The Decision Framework

Last updated: March 29, 2026

After reading all 30 sessions, I don't think "use weaver" is the right default question.

The right question is:

What kind of mistake am I expecting this task to produce?

If the likely mistake is crisp and recoverable, weaver is great. If the likely mistake is one of many plausible local detours, weaver can make the whole thing worse.

That is the decision framework I ended up with.

The short version

I would enable weaver when:

  • the task has hidden structure
  • failure is likely to teach something decisive
  • verification is strong enough to tell the model when it actually got somewhere

I would avoid or constrain weaver when:

  • the task is mostly straight-line work
  • the model is missing a base capability
  • the task admits endless plausible local repairs

That is the big takeaway from the two divergent tasks.

When weaver helps

1. The task has a hidden compact explanation

This is the strongest predictor I saw.

db-wal-recovery looked hard until it didn't. Once the model recognized the WAL file was XOR-obfuscated, everything after that became cheap and obvious.

Other examples: fix-code-vulnerability, fix-git, password-recovery. In all of those, failure or orientation led to a narrower task, not just a better explanation of the same task.
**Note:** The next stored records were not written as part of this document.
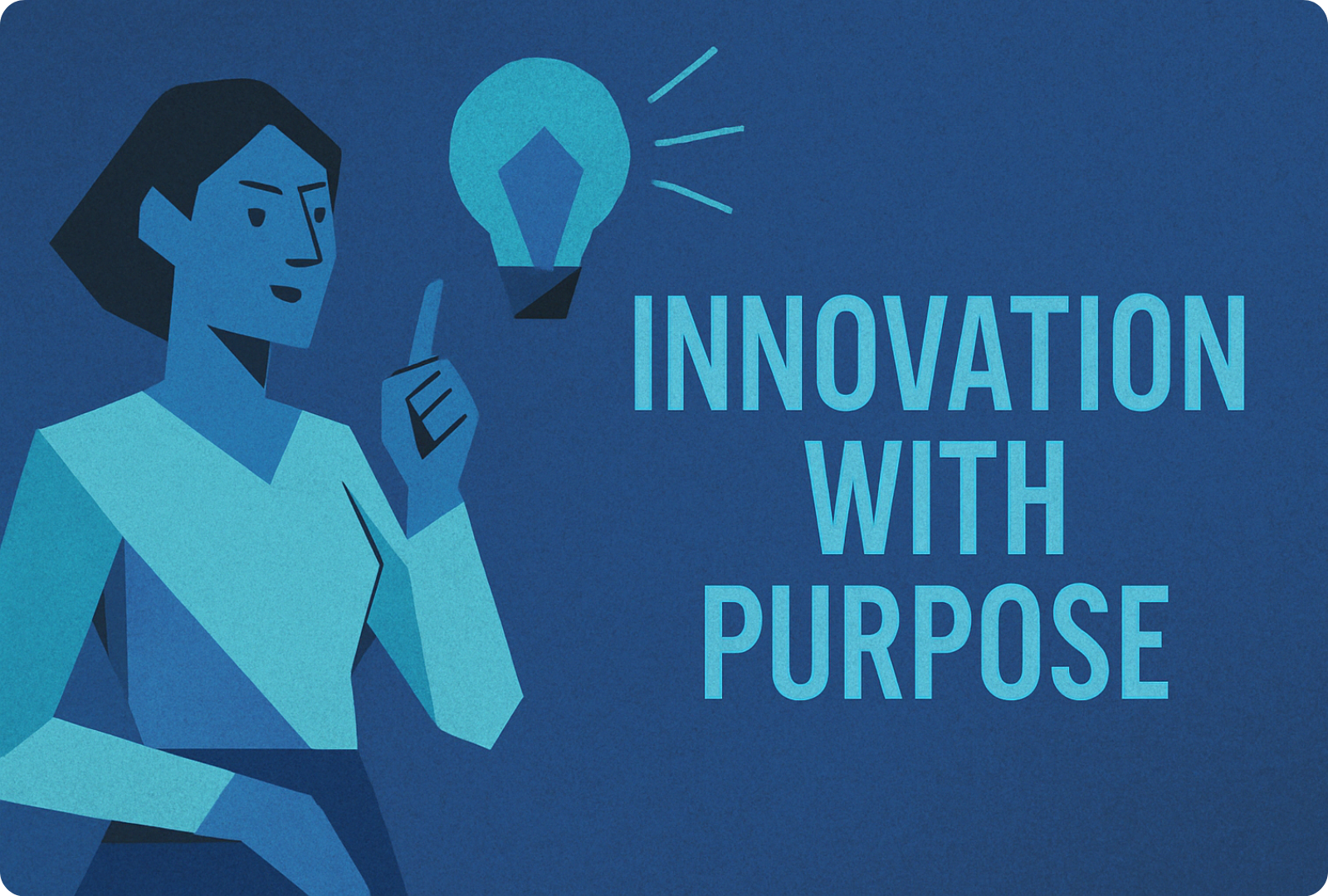 Innovation with Purpose - Our Values - Business Consulting - AI Solutions - BuildnBloom
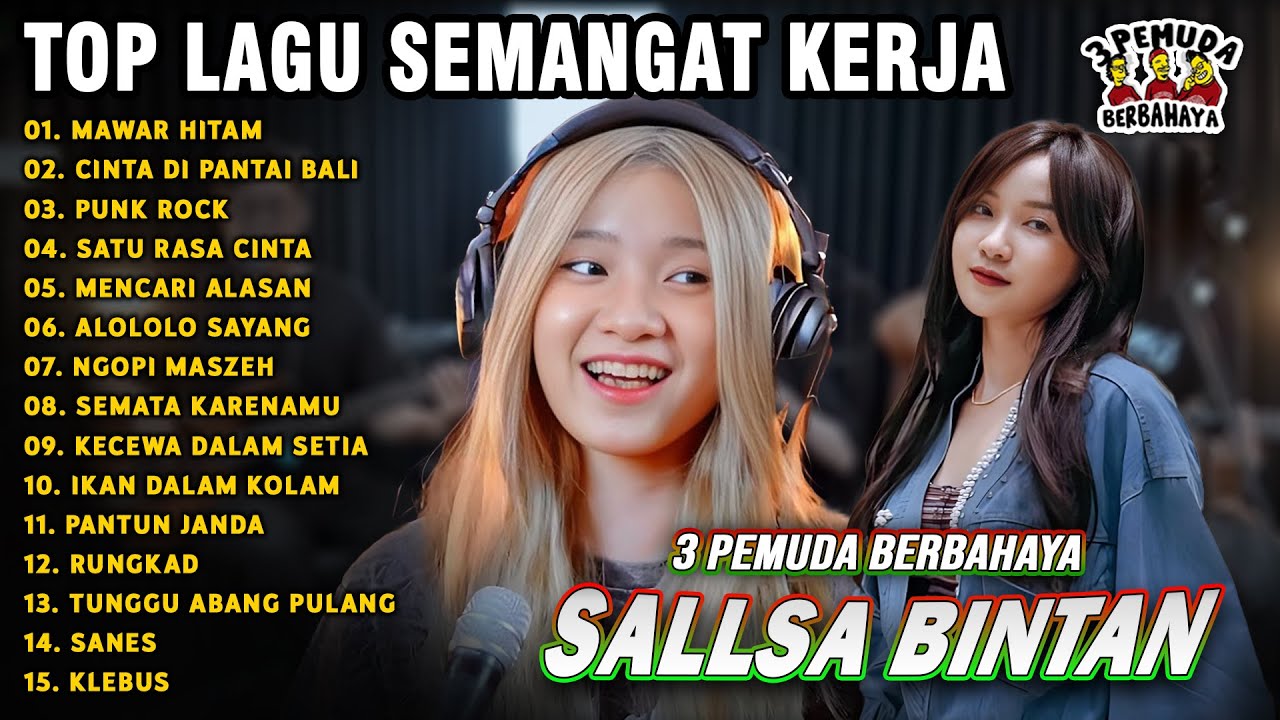 LAGU SEMANGAT KERJA🤗MAWAR HITAM, SATU RASA CINTA - SALLSA BINTAN 3 PEMUDA BERBAHAYA FULL ALBUM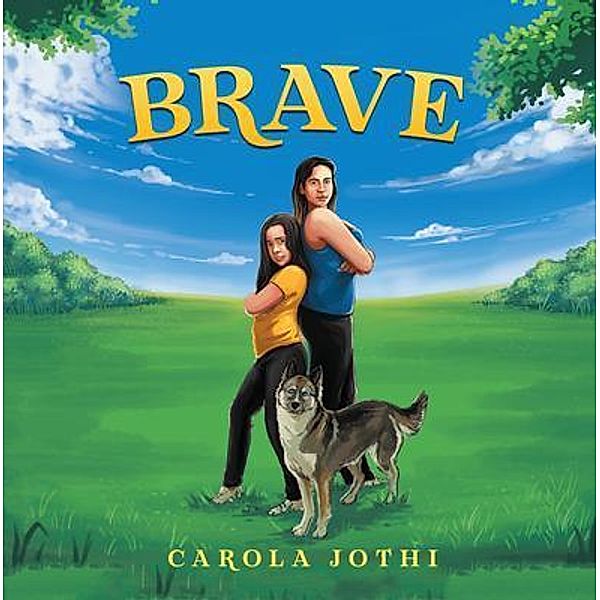 Brave / EC Publishing LLC, Carola Jothi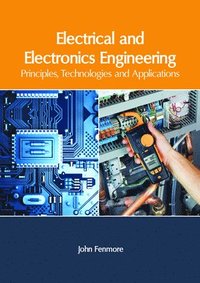 bokomslag Electrical and Electronics Engineering: Principles, Technologies and Applications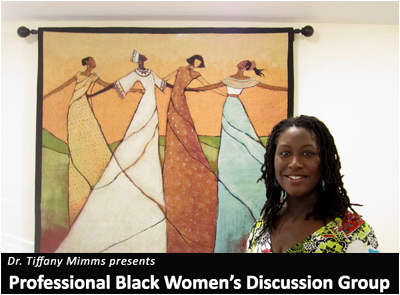 Dr. Mimms presents Professional Black Women's Discussion Group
2. The task has a strong verifier

Weaver is much more useful when the environment can say something stronger than "maybe."

Good verifier shapes: exact record counts, a specific failing test, a known artifact format, a known repo state.

This matters because rewind is only as good as the information it gets to compress. If the verifier can strongly reject a branch, rewind helps the model avoid carrying that branch forward.

3. The task benefits from a reconnaissance phase

Some tasks really do get easier if the model gets one orientation pass before acting.

qemu-startup is the best example. Not trivial, but once the model had environmental understanding, it didn't need to keep rediscovering setup facts.

When weaver hurts

1. The task is already direct

log-summary-date-ranges and build-pmars: read the prompt, inspect once, edit once, verify, leave. Weaver bought extra process for no real gain.

2. The task is capability-bound

chess-best-move: if the model lacks the perceptual grounding to do the core task, a checkpointing loop won't save it.

Don't ask a control-flow feature to compensate for a capability gap.

3. The task is branchy in the wrong way

This is the real hazard class.

qemu-alpine-ssh: the model learned true things: no TTY for interact, OpenSSH absent from live image, banner exchange hanging, DNS delay, tmux escape sequences. Read as bullet points, they sound like progress. In the run, they were progress-shaped expenditure.

Each rewind made the next attempt sound more justified. The search space never actually collapsed.

The grind risk

I think of grind as the failure mode where rewind becomes a permission slip.

Not a permission slip to flail randomly. Something worse: a permission slip to fail in a disciplined, expensive, increasingly articulate way.

Grind is when each retry improves the local story without improving the global odds.

The practical rule

Enable weaver by default when:

  • there is likely a hidden compact explanation
  • the verifier will strongly reward the right branch
  • one or two course corrections could change the whole run

Bug fixing with a narrow patch surface. Recovery/forensics. Repo state repair. Constrained search with strong validation.

Prefer plain mode when:

  • the task is effectively direct execution
  • the answer is close to obvious after one inspection pass

Small scripts. Build flag fixes. Direct config edits.

Use weaver but constrain it when:

  • the task is systems-heavy
  • failures are informative but not decisive
  • each retry could spawn another plausible subplan

VM bring-up. Build/debug with layered environment problems. Integration with many moving parts.

The guardrails I now want

1. Cap repeated rewinds to the same checkpoint

If the model rewinds to the same point three or four times, it's probably learning details, not collapsing the branch structure.

2. Force a strategy break after repeated rewinds

Not "try again, but cleaner." A real strategy break: change the tool path, change the verification approach, or stop.

3. Detect harness-focused work

When the model starts fixing its own automation scaffolding rather than the task, that's a strong grind indicator. That's basically what happened late in qemu-alpine-ssh.

4. Treat tiny direct tasks differently

On tasks like build-pmars or log-summary-date-ranges, a lighter-weight mode beats full weaver ceremony.


The sentence I'd put on the tin

Use weaver when failure can teach the model something decisive. Don't use it when failure merely generates a better next theory.

That reconciles the superficially weird result of 11/15 vs 11/15.

The score says tie. The sessions say something more useful: weaver is real leverage on the right tasks, real drag on the wrong ones, and the difference is mostly about whether the task rewards insight or rewards persistence.

The Cache Economics shows the token spend follows the same pattern. The Task Spectrum is the coarse taxonomy. This page is the rule I'd actually use.

Insight tasks: yes. Direct tasks: mostly no. Branchy systems tasks: only with guardrails.